Есть в этом борхесовском буддизме нечто пронзительное и захватывающее; услышать все речи, создавшие культуру, погрузиться на целую жизнь в предложенные историей образы, прийти к выводу об угасании всех образов в недолговечном субъекте, которого ждет не рай, а смерть, согласиться с этой смертью и поэтизировать ее в образе едва различимой нирваны, где угасший огонь говорит не о жизни и смерти, а о скрытом, потенциальном существовании, вроде бы препятствующем сказать «умер, умер полностью и навсегда» без сомнений. «Для меня буддизм не музейный предмет — это путь к спасению», — завершает Борхес лекцию о восточном избавлении от страдания. И следующей фразой все-таки возвращает себя в контекст, где буддизм — один из мерцающих образов, а не учение для Хорхе Луиса Борхеса: «Не для меня — для миллионов людей».
Силу эстетического восприятия в мире Борхеса определяет мысль об истинном отсутствии любого образа — о его изначальной невесомости, эфемерности, полной свободе от этического содержания. По-настоящему, без страха потерять мы владеем лишь тем, что исчезло или так и не появилось. Об этом читаем в «Обладании прошлым»: «Умершие принадлежат нам одним; в нашем владении — одни потери. Илион пал, но живет в оплакавших его гекзаметрах. Израиль пал, оставшись древней тоской по дому. Любое стихотворение годы превратят в элегию. Самые верные наши подруги — ушедшие: они неподвластны ни ожиданию с его смутой, ни тревогам и страхам надежды. Единственный подлинный рай — потерянный».

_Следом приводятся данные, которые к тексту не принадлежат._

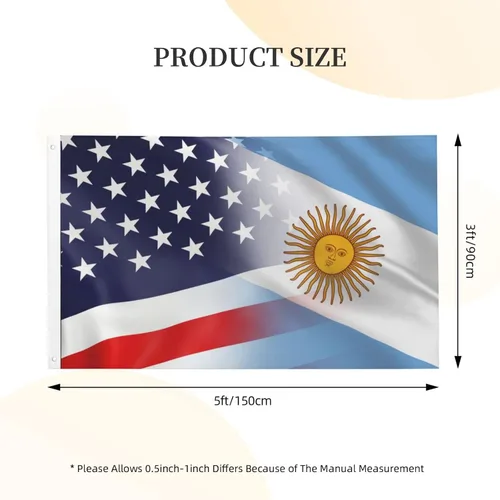 Vista 4 de Bandera de Argentina y Estados Unidos de 3 x 5 pies, color vivo y resistente a la decoloración UV, banderas de Argentina y Estados Unidos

Последние слова могут объяснить и отношение аргентинского писателя к «Божественной Комедии» — по его мнению, самому сильному произведению мировой литературы. Это рай и ад, которые существуют в легкости художественного мироздания, но совсем не стоит верить в них, потому что нигде, кроме дантовского сознания и настроенного на особую волну сознания читателя, их нет. Борхес уверен, что видения итальянского поэта не ожидают нас после смерти: Данте «создал эту топографию смерти, повинуясь требованиям схоластики и формы своей поэмы». «Думаю, что Данте создал лучшую книгу в мировой литературе, чтобы вставить в нее несколько свиданий с невозвратной Беатриче», — Борхес продолжает славить «Божественную Комедию», не интересуясь ее теологическими проблемами. «Меня меньше всего интересует религиозная ценность “Божественной Комедии”. Я хочу сказать, что мне интересны герои поэмы, их судьбы, но всю религиозную концепцию, мысль о награде и каре, эту мысль я никогда не воспринимал. Думать, что наше поведение может привлечь внимание Бога, думать, что мое собственное поведение — я однажды говорил об этом — может привести к вечным мукам или вечному блаженству, кажется мне абсурдным», — отметил Борхес в беседе с Фернандо Соррентино.